Thanks jsp, yeah I was glad to be out of there, I was starting to feel claustrophobic and Rod didn't help my puffing one of the E cigarets all over me, worse than fags haha


----------



## Jon6D (Mar 4, 2016)

Mikeymutt said:


> Glad you got to see it..sorry you had a bad experience.I never saw anyone in the two times I went..dubious methods by the farmer though.. it it's different when you are actually in that situation.easy to say different from the comfort of your chair.




Wasn't really a bad experience Micky, it added to the day really


----------



## Rubex (Mar 4, 2016)

I probably shouldn't laugh but pahahaha! What an experience lol an angry farmer, an irate woman, and the police! Brilliant!
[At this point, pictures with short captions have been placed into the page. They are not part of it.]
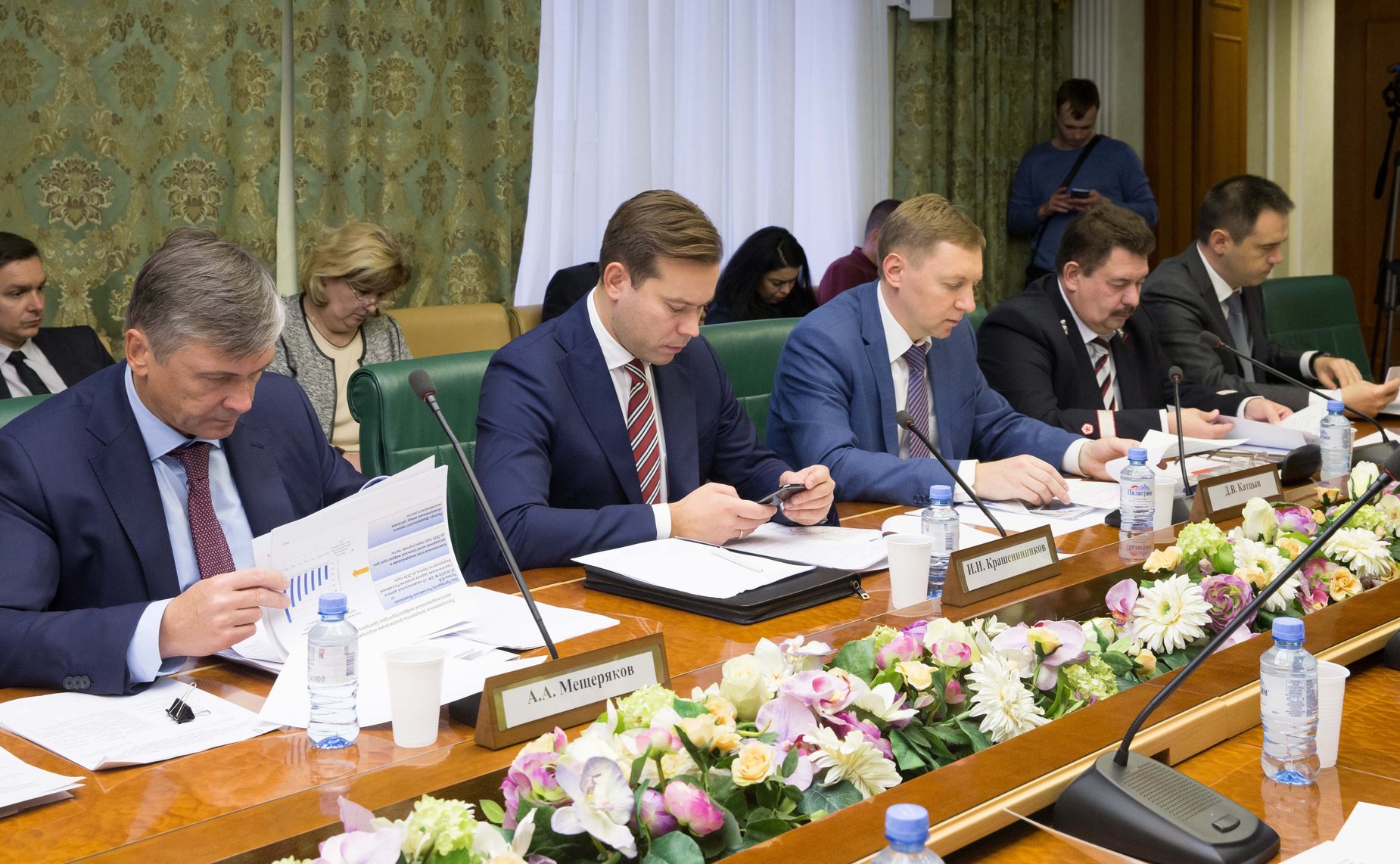 Заседание Временной комиссии при СФ по осуществлению парламентского контроля за ходом реализации комплексного плана модернизации и расширения магистральной инфраструктуры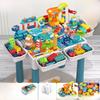 Large Multi-Functional Children's Building Blocks Table Educational Assembly Toy Study Desk for Boys And Girls Big Granular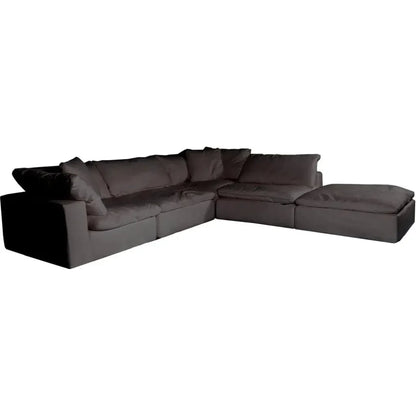 Clay Dream Wood Light Grey Modular Sectional-Modular Sofas-Moe's Home-LOOMLAN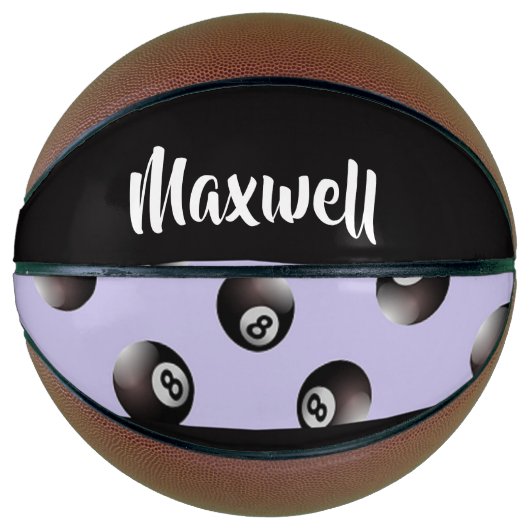 Black 8 ball pattern basketbal (Voorkant)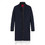 Hugo Ανδρικό Παλτό Μακρύ με Επένδυση Navy Μπλε 50569223-405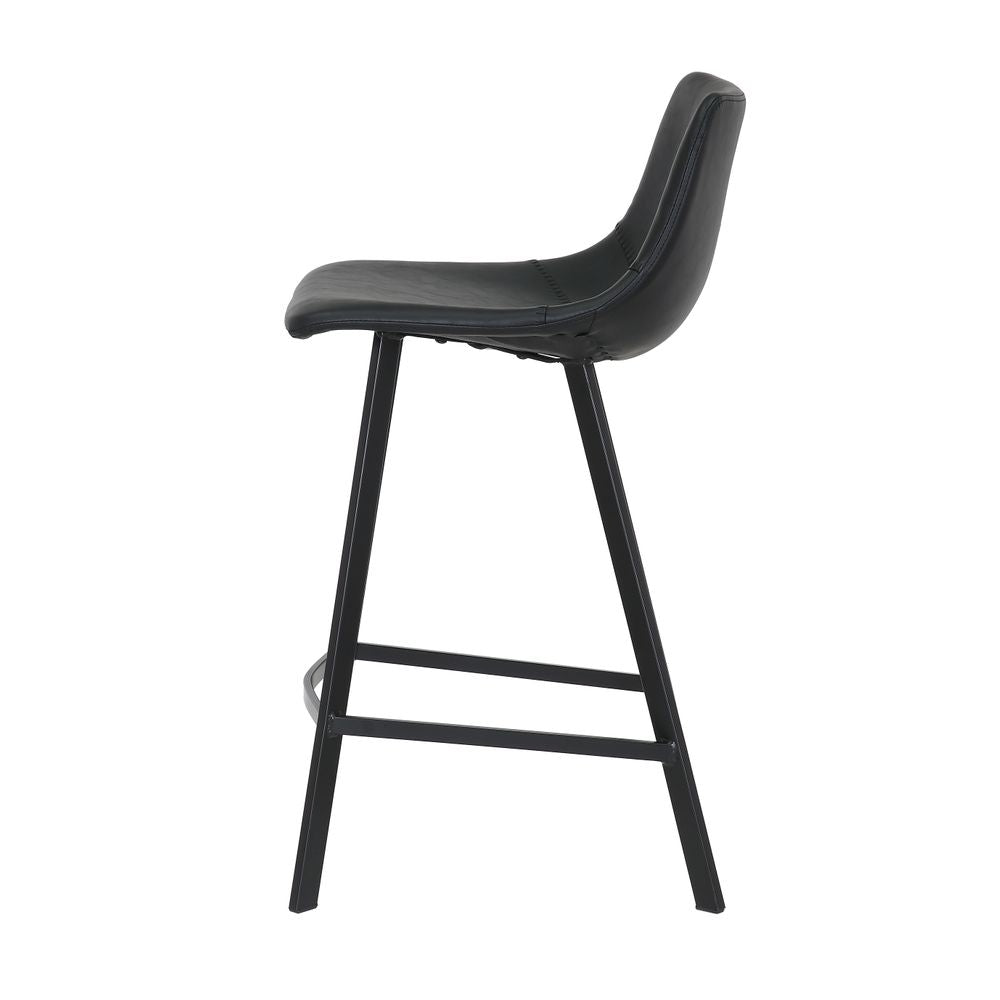 Chaise snack PU noir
Very sneaky with the memory card Jon6D. Sounds like something I would do  excellent photos!


----------



## smiler (Mar 4, 2016)

I enjoyed your tale of exploring the toy cottage, saying it all part of the fun is a bit obvious, true though, Thanks


----------



## tazong (Mar 4, 2016)

Got to say that was a brilliant write up and i laughed my ass off reading through it lol - The one thing i love about urbex is the not knowing whats going to happen - what you will see and who you will meet.
It gets your ticker going just like when you were a little kid - just pure adventure and this story meets all those requirments.
Loved the pictures - loved the story - i toast my first beer of the night to you
Thanks for sharing


----------



## Jon6D (Mar 4, 2016)

tazong said:


> Got to say that was a brilliant write up and i laughed my ass off reading through it lol - The one thing i love about urbex is the not knowing whats going to happen - what you will see and who you will meet.
> It gets your ticker going just like when you were a little kid - just pure adventure and this story meets all those requirments.
> Loved the pictures - loved the story - i toast my first beer of the night to you
> Thanks for sharing



Thanks Taz, many ask me what do I see in urban exploring because they just don't understand, and I say to them, remember being chased as a kid playing runout's or rat a tat ginger and the thrill you use to get from it, they say yes and I say exactly just like that, and if you can come away with a few nice pics then thats a bonus


----------



## Vertigo Rod (Mar 4, 2016)

Brilliant write up from an extremely entertaining day! Being imprisoned, threatened, Police searches - what more could we want from a day out!!! Will pop my report on in the next week or so. Loved that place (but you are right there really was an uncomfortable feeling in there) - glad we seen it now, because I'm buggered if I'm ever going back!!!


----------



## Mikeymutt (Mar 4, 2016)

I agree with tazong..I love the excitement..but most importantly..I do love seeing these places before they go and where few have stepped in for many years.I also love the photo opportunities they bring.sorry to put you guys through that ordeal I feel bad now helping you out..not really I laughed secretly to myself ☺


----------



## Chopper (Mar 4, 2016)

Haha brilliant, I see why you asked about it in the other thread. I've never been held by an angry farmer thankfully!


----------



## Vertigo Rod (Mar 4, 2016)

Mikeymutt said:


> I agree with tazong..I love the excitement..but most importantly..I do love seeing these places before they go and where few have stepped in for many years.I also love the photo opportunities they bring.sorry to put you guys through that ordeal I feel bad now helping you out..not really I laughed secretly to myself ☺



You've got nothing to apologise for - it really was a great exciting day! Entertainment at it's finest. You've got to love all these experiences - good and bad, and this was a great one! I've dined out on stories about this day ever since haha. Thanks Mikey


----------



## tazong (Mar 4, 2016)

Mikeymutt said:


> I agree with tazong..I love the excitement..but most importantly..I do love seeing these places before they go and where few have stepped in for many years.I also love the photo opportunities they bring.sorry to put you guys through that ordeal I feel bad now helping you out..not really I laughed secretly to myself ☺



I have only been urbexing for about 3 months now - but since i have been doing it i really can see beauty in everything i see now and do now - not just explores but just general things in life.
It can be something simple as a old coke can with some rust lying in a gutter or a fantastic piece of wood joinery in a roof truss - down to a small ant crawling along with a leaf in it mush.
The photography and filming of places - objects - animals has enlighted a fire in me that i can not explain.
All i can say is - its a wonderful thing and i really do feel blessed that i have found and love.


----------



## Jon6D (Mar 4, 2016)

Chopper said:


> Haha brilliant, I see why you asked about it in the other thread. I've never been held by an angry farmer thankfully!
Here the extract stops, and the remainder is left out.